Nachhaltige Energielösungen entlasten kommunale Haushalte und fördern Klimaschutz
Hellmuth OrtmannNachhaltige Energielösungen entlasten kommunale Haushalte und fördern Klimaschutz
Fachleute und Verantwortliche diskutieren nachhaltige Energielösungen für Kommunen
Bei einer kürzlichen Veranstaltung trafen sich Expertinnen, Experten und Vertreter aus Politik und Verwaltung, um nachhaltige Energielösungen für Städte und Gemeinden zu erörtern. Im Mittelpunkt stand die Frage, wie Kommunen finanziell entlastet und gleichzeitig Klimaziele vorangetrieben werden können.
Regierungspräsident Andreas Bothe eröffnete die Diskussion mit der Betonung, dass nachhaltige Energie nicht nur ein wirtschaftlicher Motor sei, sondern auch ein Instrument, um die angespannten Haushalte der Kommunen zu entlasten. Christian Mildenberger, Geschäftsführer von NRW.Energy4Climate, unterstrich diese Position und verwies auf die finanziellen Vorteile der Energiewende für Städte und Gemeinden.
Maria Pantiou und Christian Tögel, ebenfalls von NRW.Energy4Climate, präsentierten konkrete Beispiele: Sie zeigten, wie intelligentes Energiemanagement und sinkende Energiekosten direkt zur Entlastung kommunaler Budgets beitragen können. Christoph Grotholtmann aus Greven ergänzte dies mit einer Fallstudie zu energieautarken Kläranlagen, die einen spürbaren Rückgang der Energiekosten für Kommunen ermöglichen.

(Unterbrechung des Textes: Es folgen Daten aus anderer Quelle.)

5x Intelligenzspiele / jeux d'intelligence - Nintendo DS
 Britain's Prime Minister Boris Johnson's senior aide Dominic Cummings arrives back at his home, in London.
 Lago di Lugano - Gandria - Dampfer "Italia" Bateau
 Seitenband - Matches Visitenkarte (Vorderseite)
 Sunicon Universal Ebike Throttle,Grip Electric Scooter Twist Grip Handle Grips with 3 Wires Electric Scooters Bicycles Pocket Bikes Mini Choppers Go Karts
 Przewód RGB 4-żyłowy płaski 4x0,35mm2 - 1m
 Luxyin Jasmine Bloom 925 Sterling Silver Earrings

Gesche Ahmann aus Ascheberg und Ralf Marpert vom Verein energieland2050 e.V. widmeten sich den Finanzierungsmöglichkeiten für kommunale Wärmenetze. Zudem sprachen sie über regionale Wertschöpfung durch Unternehmenskooperationen und Bürgerwindprojekte. Andreas Grotendorst, Vorstandsmitglied von Münsterland e.V., stellte die Initiative „Münsterland ist Klimaland“ vor, die Wirtschaftsförderung mit lokalem Klimaschutz verknüpft.
Die Teilnehmerinnen und Teilnehmer verließen die Veranstaltung mit einem gestärkten Bekenntnis zu nachhaltiger Energie. Sie verpflichteten sich, die Energiewende voranzutreiben – insbesondere dort, wo sie kommunale Finanzen entlastet. Die Diskussionen zeigten klare Wege auf, wie Städte und Gemeinden von Klima- und Energieprojekten profitieren können.